Generative Adversarial Imitation Learning (GAIL)#

GAIL learns a policy by simultaneously training it with a discriminator that aims to distinguish expert trajectories against trajectories from the learned policy.

Note

GAIL paper: Generative Adversarial Imitation Learning

Example#

Detailed example notebook: Train an Agent using Generative Adversarial Imitation Learning

import numpy as np
import gymnasium as gym
from stable_baselines3 import PPO
from stable_baselines3.common.evaluation import evaluate_policy
from stable_baselines3.ppo import MlpPolicy

from imitation.algorithms.adversarial.gail import GAIL
from imitation.data import rollout
from imitation.data.wrappers import RolloutInfoWrapper
from imitation.policies.serialize import load_policy
from imitation.rewards.reward_nets import BasicRewardNet
from imitation.util.networks import RunningNorm
from imitation.util.util import make_vec_env

SEED = 42

env = make_vec_env(
    "seals:seals/CartPole-v0",
    rng=np.random.default_rng(SEED),
    n_envs=8,
    post_wrappers=[lambda env, _: RolloutInfoWrapper(env)],  # to compute rollouts
)
expert = load_policy(
    "ppo-huggingface",
    organization="HumanCompatibleAI",
    env_name="seals-CartPole-v0",
    venv=env,
)

rollouts = rollout.rollout(
    expert,
    env,
    rollout.make_sample_until(min_timesteps=None, min_episodes=60),
    rng=np.random.default_rng(SEED),
)

learner = PPO(
    env=env,
    policy=MlpPolicy,
    batch_size=64,
    ent_coef=0.0,
    learning_rate=0.0004,
    gamma=0.95,
    n_epochs=5,
    seed=SEED,
)
reward_net = BasicRewardNet(
    observation_space=env.observation_space,
    action_space=env.action_space,
    normalize_input_layer=RunningNorm,
)
gail_trainer = GAIL(
    demonstrations=rollouts,
    demo_batch_size=1024,
    gen_replay_buffer_capacity=512,
    n_disc_updates_per_round=8,
    venv=env,
    gen_algo=learner,
    reward_net=reward_net,
)

# evaluate the learner before training
env.seed(SEED)
learner_rewards_before_training, _ = evaluate_policy(
    learner, env, 100, return_episode_rewards=True,
)

# train the learner and evaluate again
gail_trainer.train(20000)  # Train for 800_000 steps to match expert.
env.seed(SEED)
learner_rewards_after_training, _ = evaluate_policy(
    learner, env, 100, return_episode_rewards=True,
)

print("mean reward after training:", np.mean(learner_rewards_after_training))
print("mean reward before training:", np.mean(learner_rewards_before_training))

API#

class imitation.algorithms.adversarial.gail.GAIL(*, demonstrations, demo_batch_size, venv, gen_algo, reward_net, **kwargs)[source]

Bases: AdversarialTrainer

Generative Adversarial Imitation Learning (GAIL).

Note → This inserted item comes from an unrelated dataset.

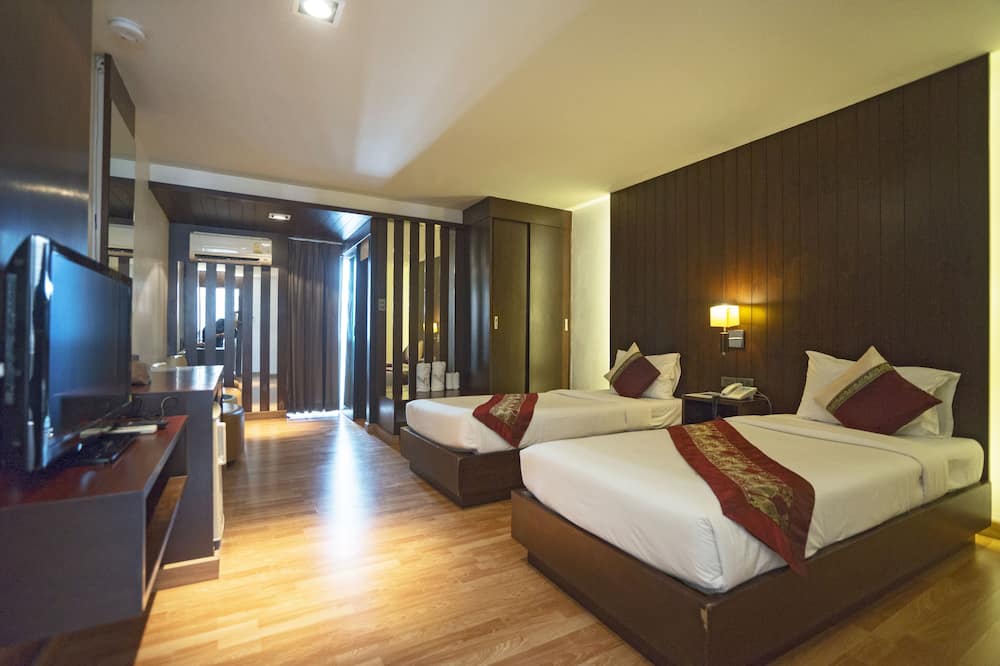 キス ガーデンホーム チック ホテル 写真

__init__(*, demonstrations, demo_batch_size, venv, gen_algo, reward_net, **kwargs)[source]

Generative Adversarial Imitation Learning.

Parameters

demonstrations (Union[Iterable[Trajectory], Iterable[TransitionMapping], TransitionsMinimal]) – Demonstrations from an expert (optional). Transitions expressed directly as a types.TransitionsMinimal object, a sequence of trajectories, or an iterable of transition batches (mappings from keywords to arrays containing observations, etc).
demo_batch_size (int) – The number of samples in each batch of expert data. The discriminator batch size is twice this number because each discriminator batch contains a generator sample for every expert sample.
venv (VecEnv) – The vectorized environment to train in.
gen_algo (BaseAlgorithm) – The generator RL algorithm that is trained to maximize discriminator confusion. Environment and logger will be set to venv and custom_logger.
reward_net (RewardNet) – a Torch module that takes an observation, action and next observation tensor as input, then computes the logits. Used as the GAIL discriminator.
**kwargs – Passed through to AdversarialTrainer.__init__.

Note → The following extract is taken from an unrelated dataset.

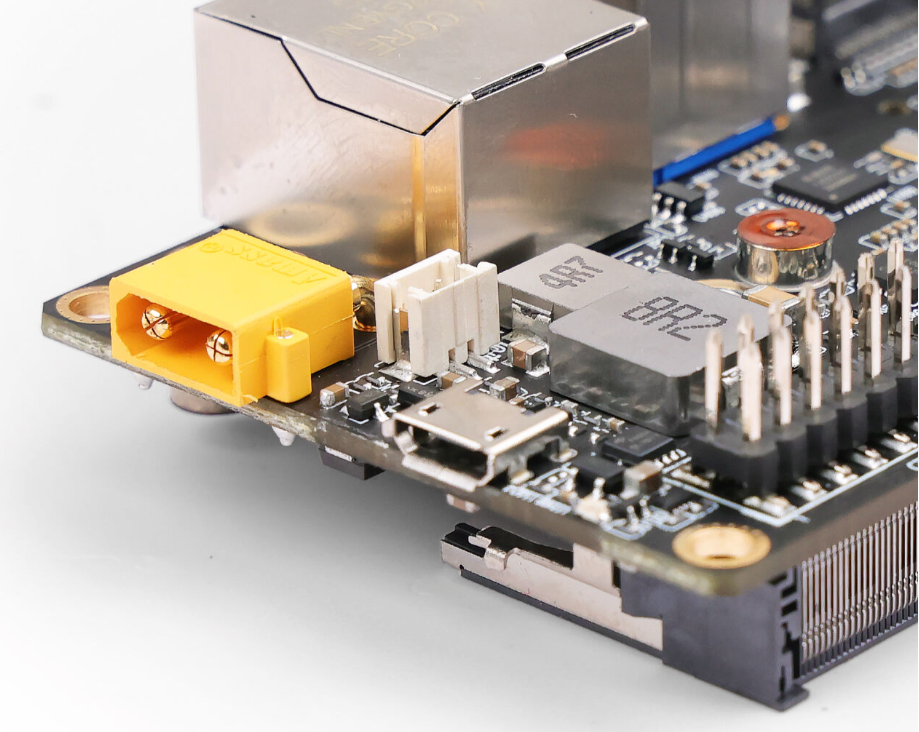 A603 Carrier Board Jetson Orin NX/Nano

allow_variable_horizon: bool: If True, allow variable horizon trajectories; otherwise error if detected.

property logger: HierarchicalLogger

Return type: HierarchicalLogger

logits_expert_is_high(state, action, next_state, done, log_policy_act_prob=None)[source]

Compute the discriminator’s logits for each state-action sample.

Parameters

state (Tensor) – The state of the environment at the time of the action.
action (Tensor) – The action taken by the expert or generator.
next_state (Tensor) – The state of the environment after the action.
done (Tensor) – whether a terminal state (as defined under the MDP of the task) has been reached.
log_policy_act_prob (Optional[Tensor]) – The log probability of the action taken by the generator, \(\log{P(a|s)}\).

Return type

Tensor

Returns

The logits of the discriminator for each state-action sample.

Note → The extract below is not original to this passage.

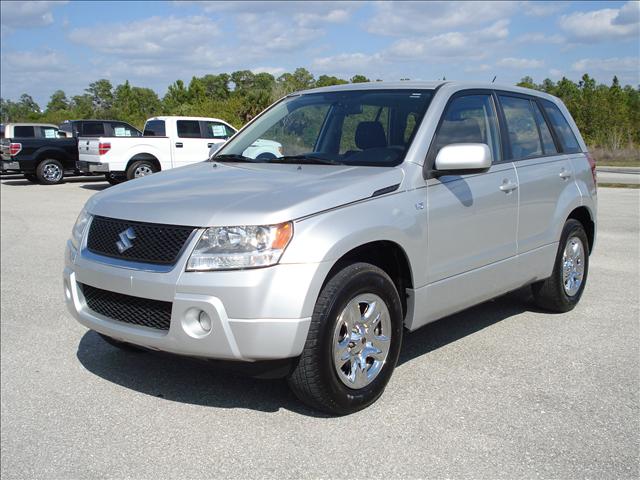 Suzuki Grand Vitara 2007 photo 2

property policy: BasePolicy

Returns a policy imitating the demonstration data.

Return type: BasePolicy

property reward_test: RewardNet

Reward used to train policy at “test” time after adversarial training.

Return type: RewardNet

property reward_train: RewardNet

Reward used to train generator policy.

Return type: RewardNet

set_demonstrations(demonstrations)

Sets the demonstration data.

Changing the demonstration data on-demand can be useful for interactive algorithms like DAgger.

Parameters: demonstrations (Union[Iterable[Trajectory], Iterable[TransitionMapping], TransitionsMinimal]) – Either a Torch DataLoader, any other iterator that yields dictionaries containing “obs” and “acts” Tensors or NumPy arrays, TransitionKind instance, or a Sequence of Trajectory objects.
Return type: None

train(total_timesteps, callback=None)

Alternates between training the generator and discriminator.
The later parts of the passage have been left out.